Aim of the task: Would you reproduce, word for word, only the lines running from the top of the data through the line containing "Hello everybody, my", and none of the pictures?

Material provided:
--------------------------------------------------

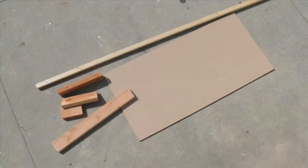What you're going to need is some MDF or plywood, some one by four or two by fours, and you're definitely going to need some one by one pieces of wood.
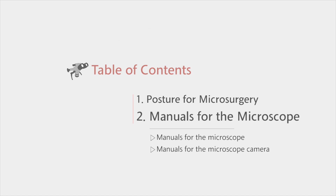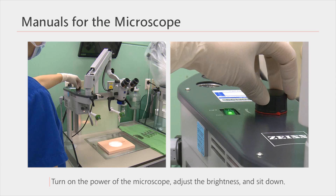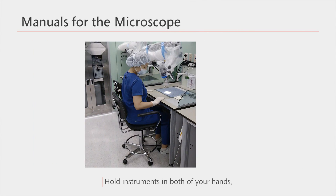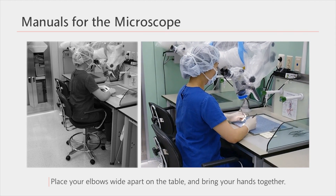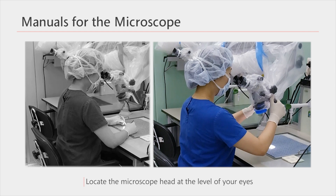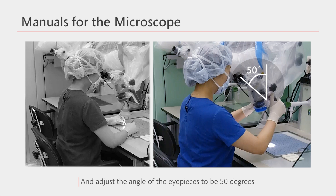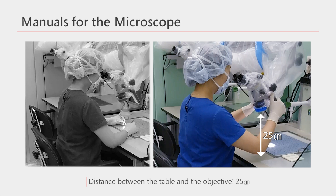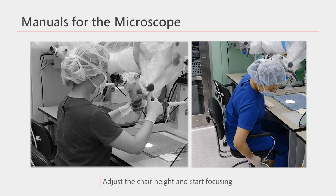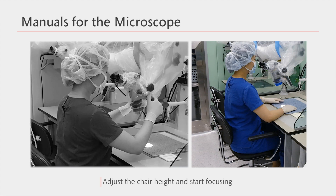Secondly, let's learn about how to use the microscope. First, turn on the power of the microscope, adjust the brightness, and sit down. Hold instruments in both of your hands, place your elbows on the table wide apart, and bring your hands together. The location of your eyes while holding this posture will be the best working spot for the microscope head. Adjust the microscope head and adjust the angle of the eyepiece to be approximately 50 degrees. Adjust so that the distance between the table and the objective is approximately 25 centimeters. Adjust the height of the chair so that your eyes are at the level of the eyepiece, and then adjust the focus eye by eye.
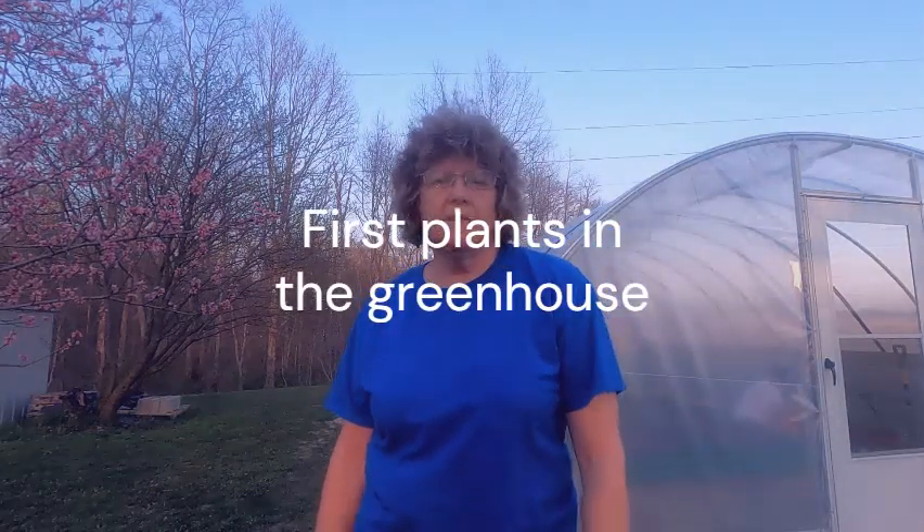Hello everybody, my name is Kathy and welcome to Country Girl. Today we're going to start planting the seeds and transplants into the greenhouse. Come with me as we put in the lettuce, the carrots, the beets, and who knows what else. We'll find out — stick around.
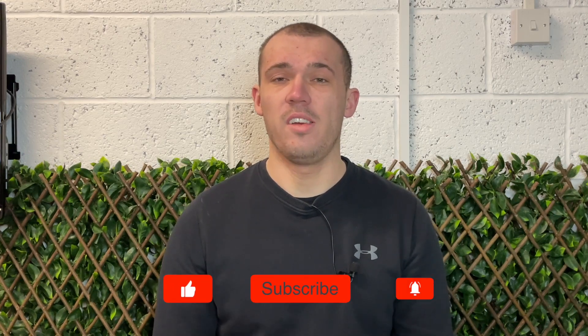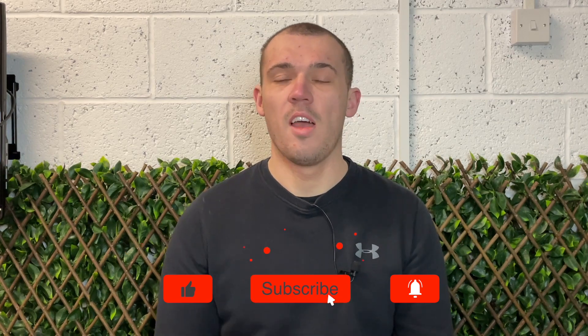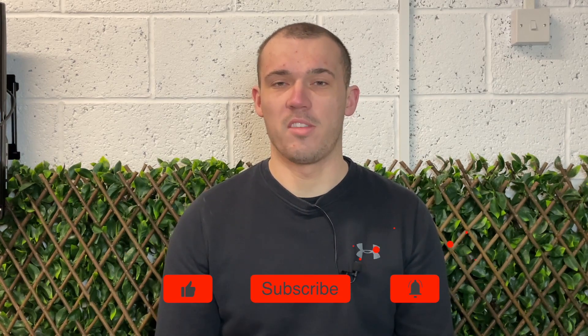I hope you enjoyed this video and found it helpful. If you did, I'd really appreciate it if you could drop it a like, subscribe to the channel, and ring that bell to turn on notifications. Also don't forget to visit homenetworkgeek.com where I have hundreds of articles covering everything home networking. Thank you so much for watching — I'll catch you next time.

--------------------------------------------------

Response area:
What you're going to need is some MDF or plywood, some one by four or two by fours, and you're definitely going to need some one by one pieces of wood.
Secondly, let's learn about how to use the microscope. First, turn on the power of the microscope, adjust the brightness, and sit down. Hold instruments in both of your hands, place your elbows on the table wide apart, and bring your hands together. The location of your eyes while holding this posture will be the best working spot for the microscope head. Adjust the microscope head and adjust the angle of the eyepiece to be approximately 50 degrees. Adjust so that the distance between the table and the objective is approximately 25 centimeters. Adjust the height of the chair so that your eyes are at the level of the eyepiece, and then adjust the focus eye by eye.
Hello everybody, my name is Kathy and welcome to Country Girl. Today we're going to start planting the seeds and transplants into the greenhouse. Come with me as we put in the lettuce, the carrots, the beets, and who knows what else. We'll find out — stick around.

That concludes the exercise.